Horses

Bucky the Bugler to retire from Keeneland

Above: Keeneland track bugler George "Bucky" Sallee played the call to the post before the first race at Keeneland on Oct. 5, 2002. During that meet he blew his 10,000th call to the post.

Left: On Tuesday, Sallee showed off a painting of himself by Charles Spaulding near the front door of his home in Georgetown.
Above: Keeneland track bugler George "Bucky" Sallee played the call to the post before the first race at Keeneland on Oct. 5, 2002. During that meet he blew his 10,000th call to the post. Left: On Tuesday, Sallee showed off a painting of himself by Charles Spaulding near the front door of his home in Georgetown. Herald-Leader

More than 50 years ago, musician George "Bucky" Sallee, who normally played the tenor saxophone, was goofing around with a trumpet during a country club gig.
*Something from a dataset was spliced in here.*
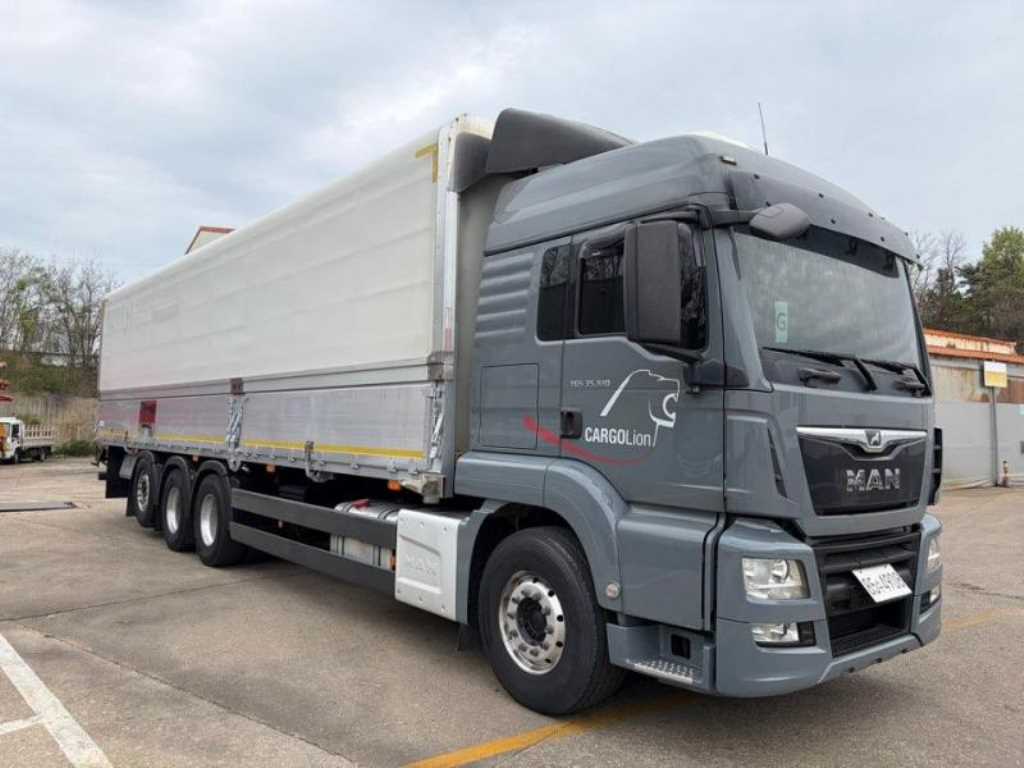 medium and large cargo truck - Vista 2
Next thing he knew, he got an offer to play at Keeneland.

On Tuesday, Keeneland announced that Sallee, 84, is retiring. Trumpeter Steve Buttleman of Louisville will be the new bugler.
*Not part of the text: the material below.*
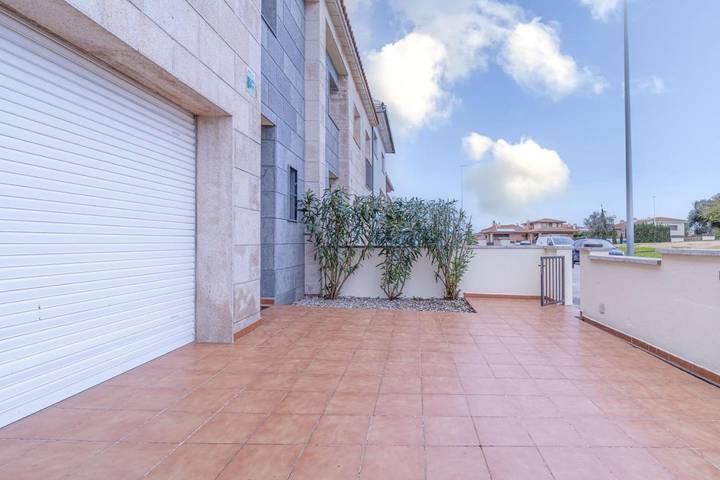 Casa rural para 8 personas, con Terraza y Jardín en Ordis - 4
Sallee, of Georgetown, is known for his renditions of Boots and Saddles and Assembly during the Keeneland meets.

The only day he missed during his tenure was when his first wife died.

[Daily Racing Form Q&A with Bucky Sallee from October 2011]

Sallee took time off from his job with the Kentucky Public Service Commission, from which he is now retired, to work his Keeneland duties.

"Bucky is a Keeneland icon," Keeneland president and CEO Bill Thomason said in a news release. "He is a favorite among fans of all ages, having generously shared his time and musical talent with so many people during his storied career."

Sallee said he had relished the opportunity to get to know people in the horse industry and race-goers. He is a track favorite among patrons, with whom he often poses in his green jacket and top hat.

Even in retirement, he will probably play for some local club meetings and events, he said Tuesday.

Buttleman, 49, has performed the call to the post at racetracks including Churchill Downs, Belmont Park and Oaklawn Park. He also performs patriotic music and a version of My Old Kentucky Home for events.

"I am thrilled to have the opportunity to be involved at Keeneland and hopefully in the Lexington community," Buttleman said. "Obviously Keeneland is steeped in tradition. I wanted to continue to do what Bucky has been doing."

Keeneland plans to honor Sallee on opening day of the fall race meeting on Oct. 4.

Special commemorations are planned before the first race. Sallee will sign autographs during the afternoon. Fans will be able to share their memories of Bucky online, or drop a letter in the "Bucky Mailbox," which will be next to the paddock on opening day.